I guess it felt a bit like being in an ethnomethodological breaching experiment. These where you deliberately act 'out of role', for example by going home to your family but acting as if you were a total stranger meeting them for the first time. [I wouldn't recommend trying it, but here's a description]. Breaching works because of something called Membership Categorisation Analysis. We automatically make people members of different categories, and we interact with them based on whether they are members or not of the same category. Now, whatever way we look at categorising people (and therefore who is a member of that category), we were not in the same category. And yet, they interacted with me as if I was. That is where the disorientation and disruption began.


I think I'm safe to assume that people weren't taking part in a breaching experiment without telling me.

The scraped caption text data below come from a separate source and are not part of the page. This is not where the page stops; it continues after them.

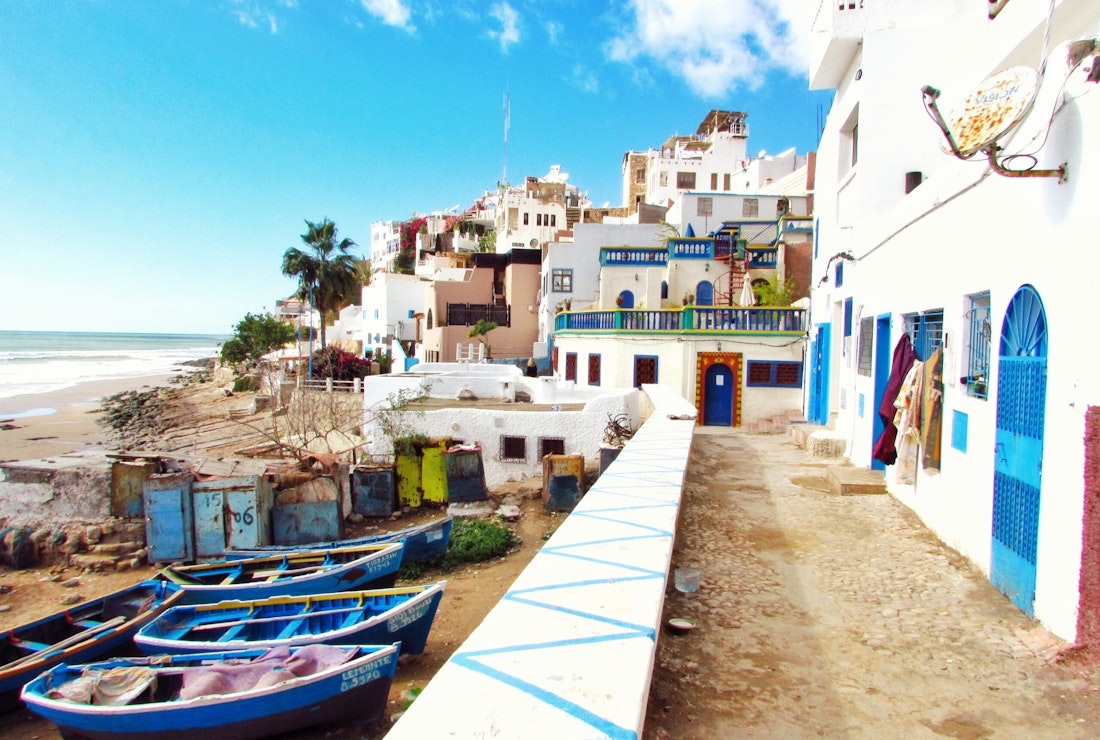 Seaside buildings and boats in Tangier, Morocco - one of our favourite places to travel in 2024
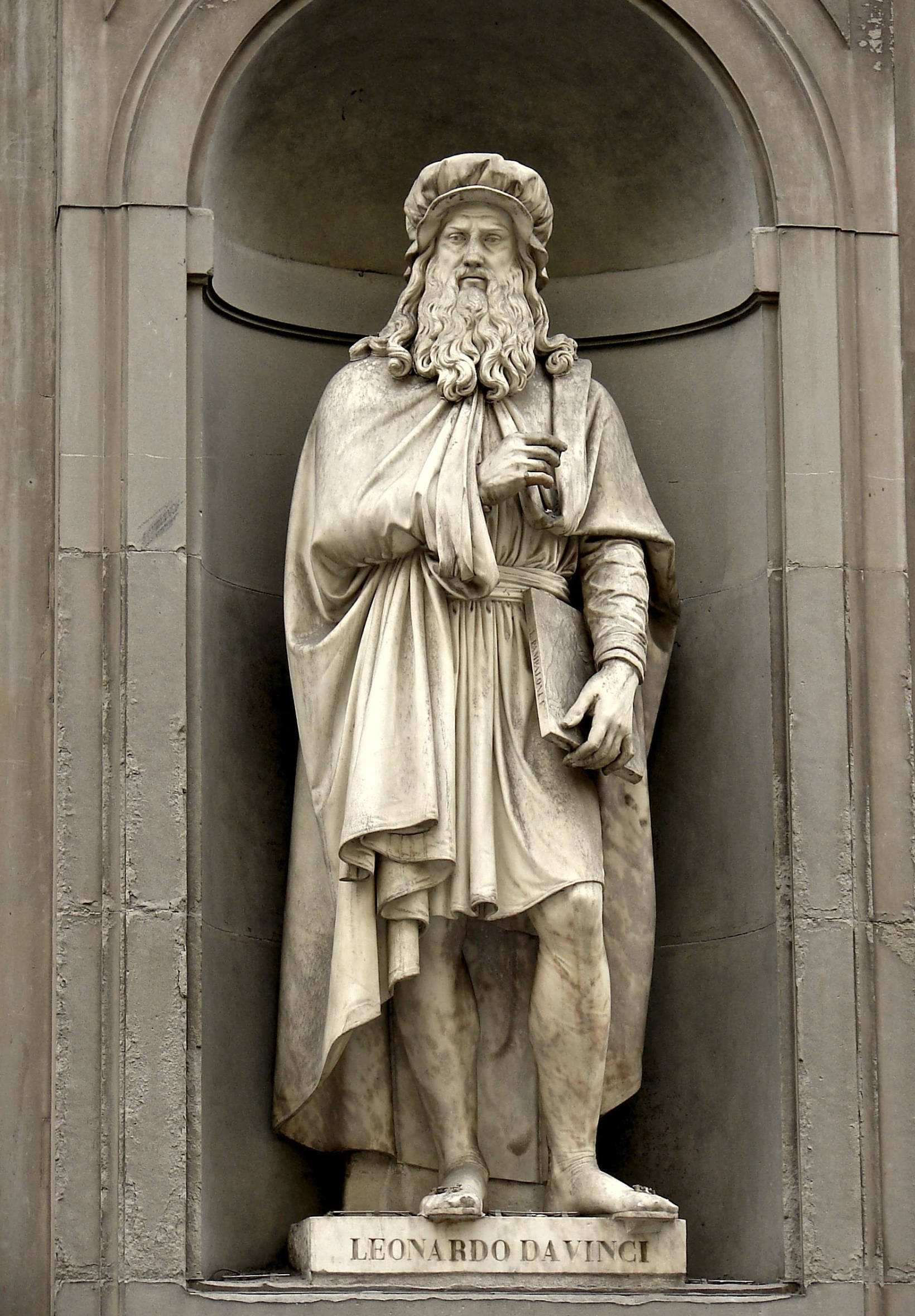 Leonardo Da Vinci 桌布 壁紙 — 一座詳細的列奧納多·達·芬奇石像矗立在經典的拱形壁龕中，下方刻有他的名字。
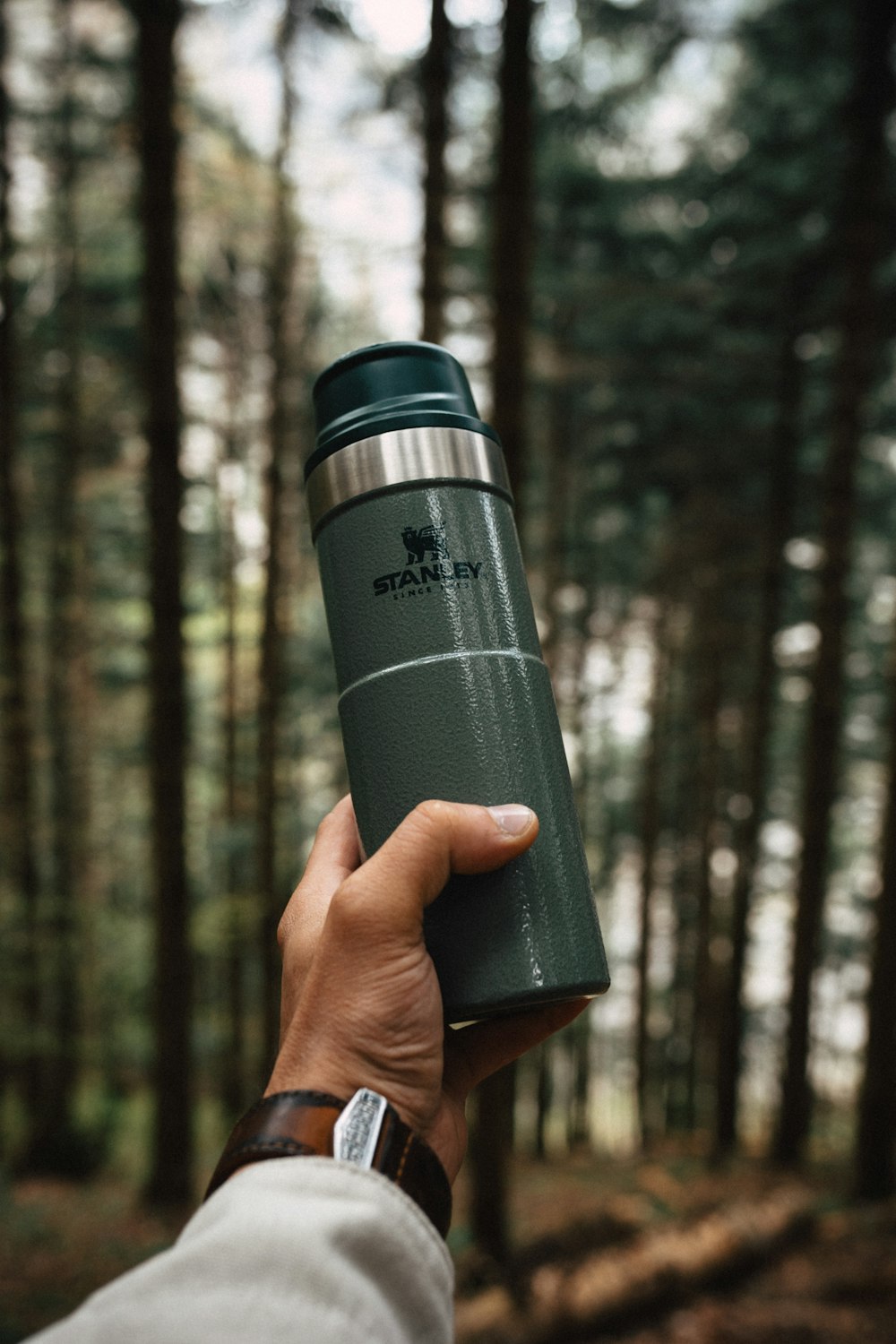 a hand holding a green travel mug in a forest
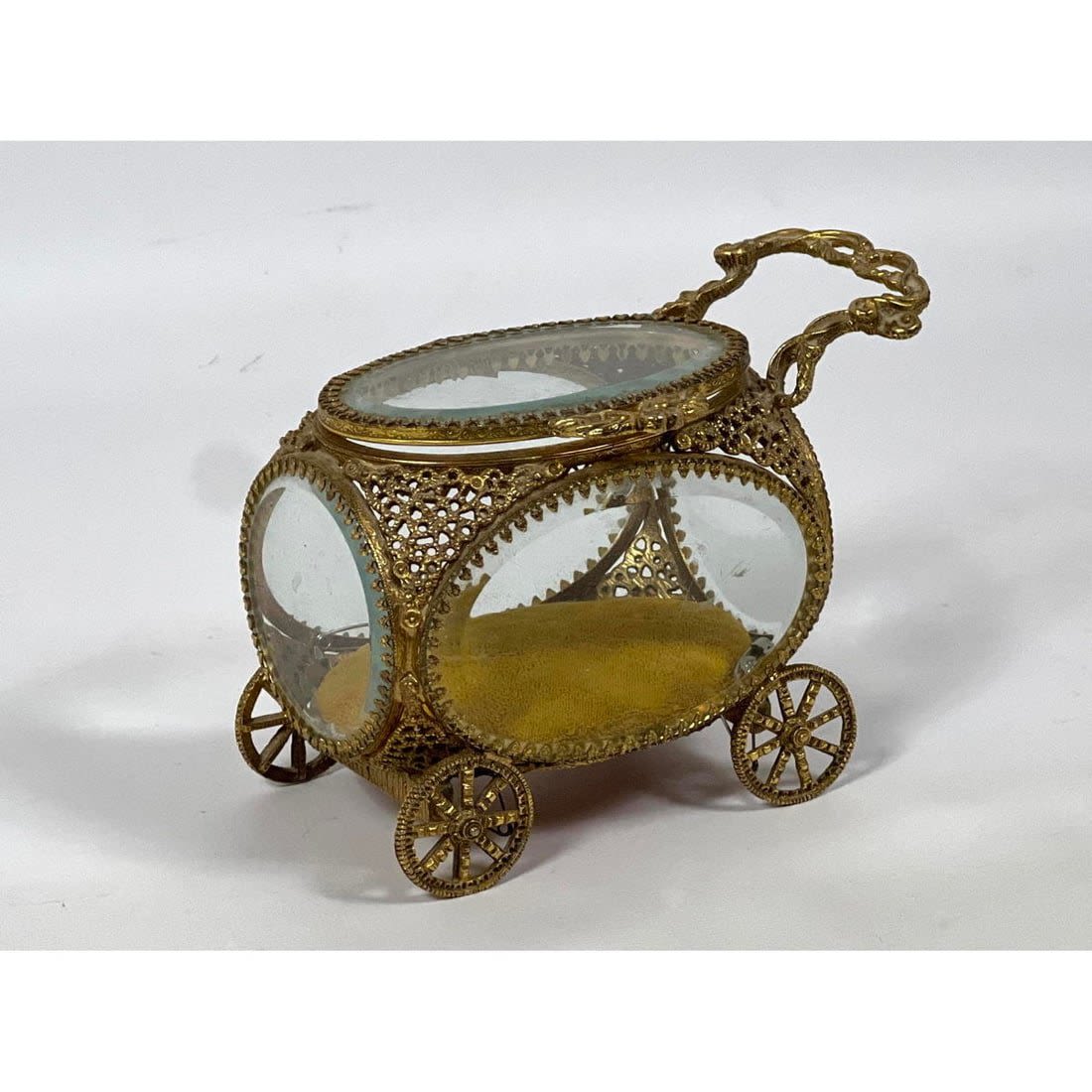 Metal jewelry casket coach. Gilt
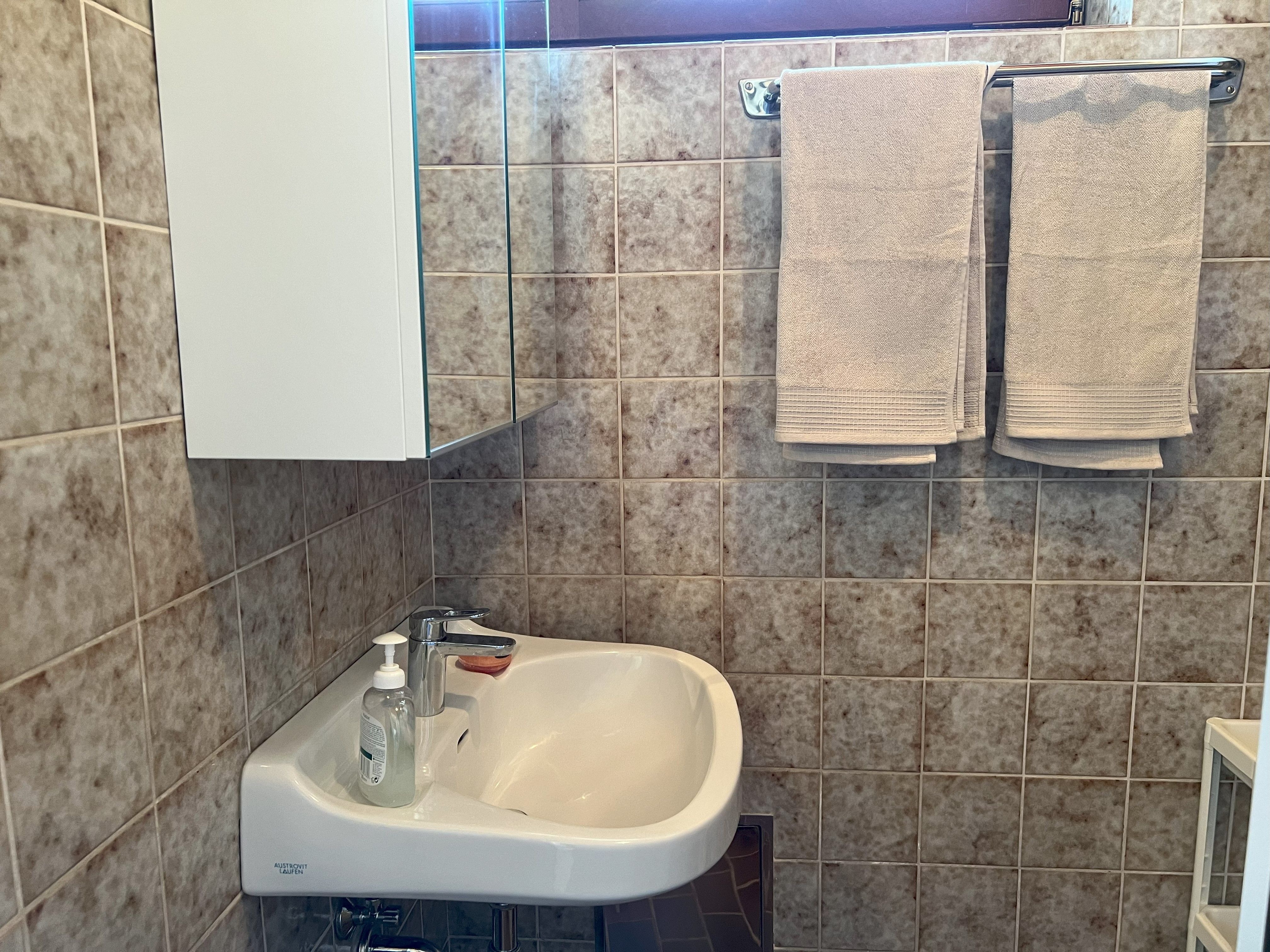 A bathroom with washbasin, mirror, towels and tiles.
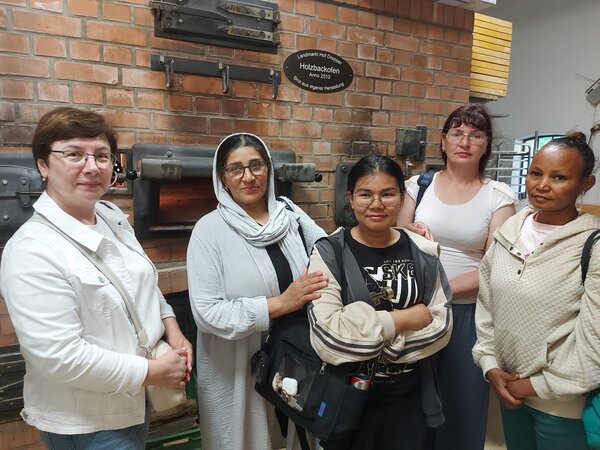 Praxis trifft Sprache - Hotel und Gastronomie Fünf Frauen stehen vor einer Backofenanlage mit Ziegelwand und blicken in die Kamera. Die Gruppe ist Teil einer Besichtigung oder eines Ausflugs.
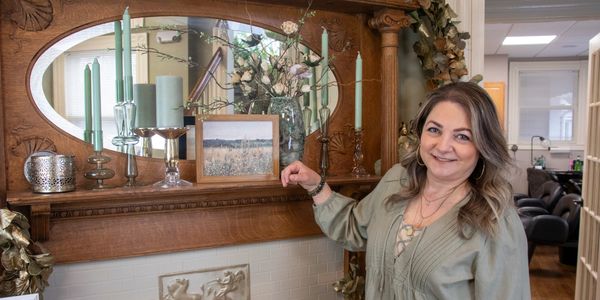 Woman smiling by a decorated wooden mantel with candles and flowers.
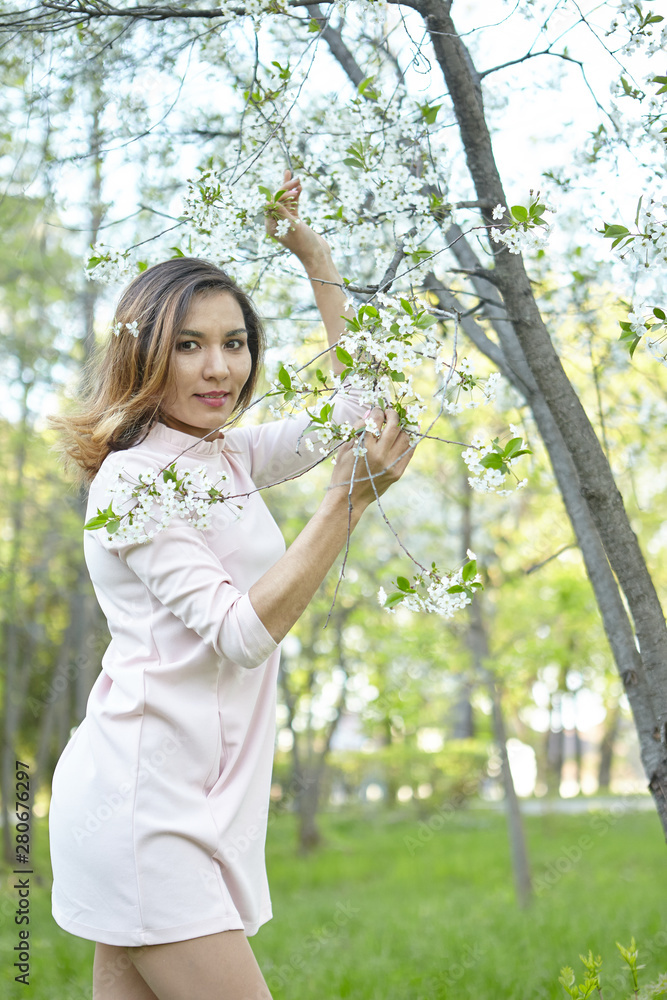 girl with flowers. gorgeous model in the spring garden. the girl near the tree in the spring. girl with flowers. gorgeous model in the spring garden. the girl near the tree in the spring.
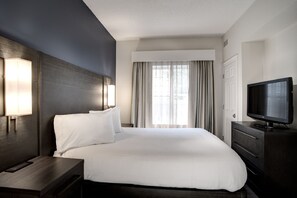 Ein Hotelzimmer mit einem großen Bett, einem Flachbildfernseher, einem Nachttisch und einem Fenster mit Vorhängen.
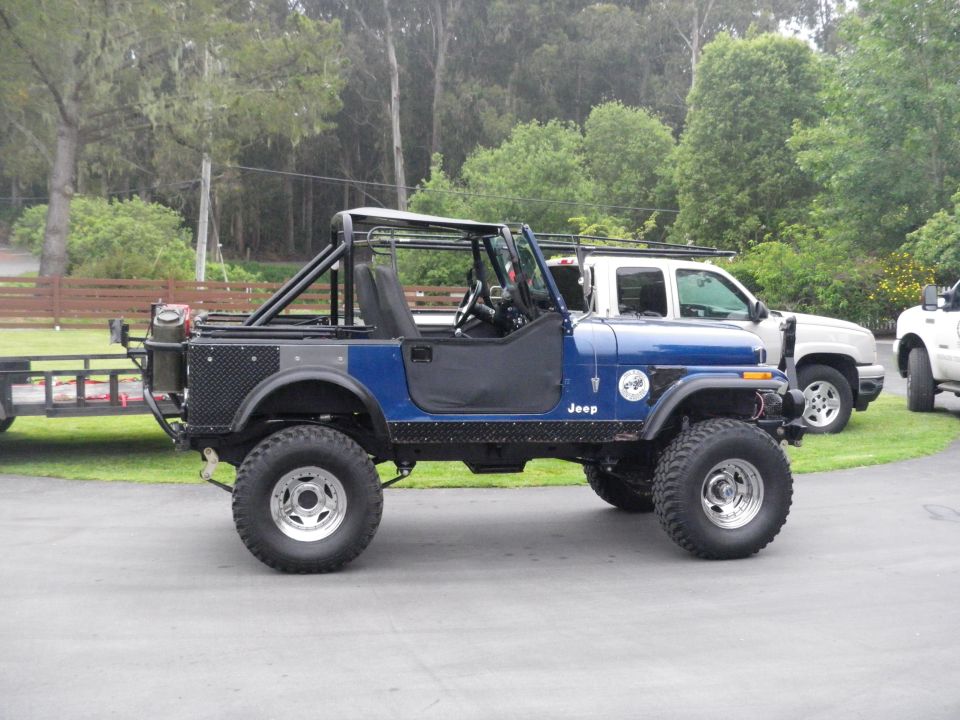 Blue Jeep CJ-7 side view with roll cage and trailer attached, two white trucks in background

So where does that leave me? I guess it leaves me wondering what category we share, a category that I didn't recognise but they did.


Or perhaps they were simply operating within a different Deleuzian paradigm where there are no categories. A sociology lecturer did warn me once that it was possible to get lost down an every-deepening vortex - a rabbit hole - unless I kept some kind of external bearings when contemplating work by Delueze, Derrida and other post* thinkers. He didn't warn me that some people actually live this way. A Deleuzian way of being would definitely fit with the snippets of conversation I actually understood and the style of conversing and relating with each other. Certainly that's far more probable than the chance we share a category that I didn't recognise.


And that's fascinating to me. Usually I'm the one pushing the boundaries for saying things aren't fixed and binary. But I hadn't realised until thinking & writing this blog how bound I am to using membership categorisation to make everyday sense of the world. For all that I think I'm post-structural, really I just peek down the rabbit hole while keeping my feet firmly in the garden.


And so I emerge from the rabbit hole. I've found a pigeon hole for the experience. And I will reflect, from my nice safe orderly garden, on whether the Alice-in-Wonderland world down the rabbit hole or the garden world above is the world that will lead to the radical social changes that I think are needed if Wales is to become truly inclusive for all.